Intra-tumoral genetic heterogeneity poses a significant challenge for
treatment. Biopsy is invasive, which motivates the development of non-invasive,
MRI-based machine learning (ML) models to quantify intra-tumoral genetic
heterogeneity for each patient. This capability holds great promise for
enabling better therapeutic selection to improve patient outcomes. We proposed
a novel Weakly Supervised Ordinal Support Vector Machine (WSO-SVM) to predict
regional genetic alteration status within each GBM tumor using MRI. WSO-SVM was
applied to a unique dataset of 318 image-localized biopsies with spatially
matched multiparametric MRI from 74 GBM patients.
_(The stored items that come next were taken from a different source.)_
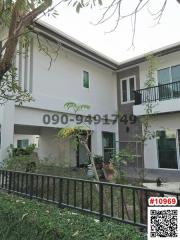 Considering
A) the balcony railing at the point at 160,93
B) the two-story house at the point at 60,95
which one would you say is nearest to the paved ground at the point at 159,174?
the two-story house at the point at 60,95

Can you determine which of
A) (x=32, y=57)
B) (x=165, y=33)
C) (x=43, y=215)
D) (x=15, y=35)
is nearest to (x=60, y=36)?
(x=32, y=57)

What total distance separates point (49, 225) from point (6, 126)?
6591mm

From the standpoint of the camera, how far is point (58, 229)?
326 cm

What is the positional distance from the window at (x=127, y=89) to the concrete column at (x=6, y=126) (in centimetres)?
734

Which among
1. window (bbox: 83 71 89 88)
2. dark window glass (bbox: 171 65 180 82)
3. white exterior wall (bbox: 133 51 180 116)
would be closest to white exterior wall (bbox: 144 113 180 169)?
white exterior wall (bbox: 133 51 180 116)

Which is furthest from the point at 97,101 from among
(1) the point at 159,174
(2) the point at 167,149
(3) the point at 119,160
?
(3) the point at 119,160

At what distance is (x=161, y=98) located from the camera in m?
12.9

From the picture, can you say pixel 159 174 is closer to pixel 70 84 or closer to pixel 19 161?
pixel 70 84

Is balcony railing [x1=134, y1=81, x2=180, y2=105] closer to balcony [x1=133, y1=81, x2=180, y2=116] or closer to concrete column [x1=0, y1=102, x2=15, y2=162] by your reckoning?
balcony [x1=133, y1=81, x2=180, y2=116]

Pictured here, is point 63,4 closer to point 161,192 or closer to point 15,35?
point 15,35

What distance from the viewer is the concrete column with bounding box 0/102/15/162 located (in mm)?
9359

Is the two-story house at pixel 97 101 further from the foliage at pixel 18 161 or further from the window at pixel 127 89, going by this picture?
the foliage at pixel 18 161

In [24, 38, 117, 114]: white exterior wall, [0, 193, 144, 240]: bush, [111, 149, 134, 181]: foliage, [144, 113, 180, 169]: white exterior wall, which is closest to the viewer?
[0, 193, 144, 240]: bush

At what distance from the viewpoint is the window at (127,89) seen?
1505 cm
The model was trained to
predict the regional genetic alteration of three GBM driver genes (EGFR,
PDGFRA, and PTEN) based on features extracted from the corresponding region of
five MRI contrast images. For comparison, a variety of existing ML algorithms
were also applied. The classification accuracy of each gene was compared
between the different algorithms. The SHapley Additive exPlanations (SHAP)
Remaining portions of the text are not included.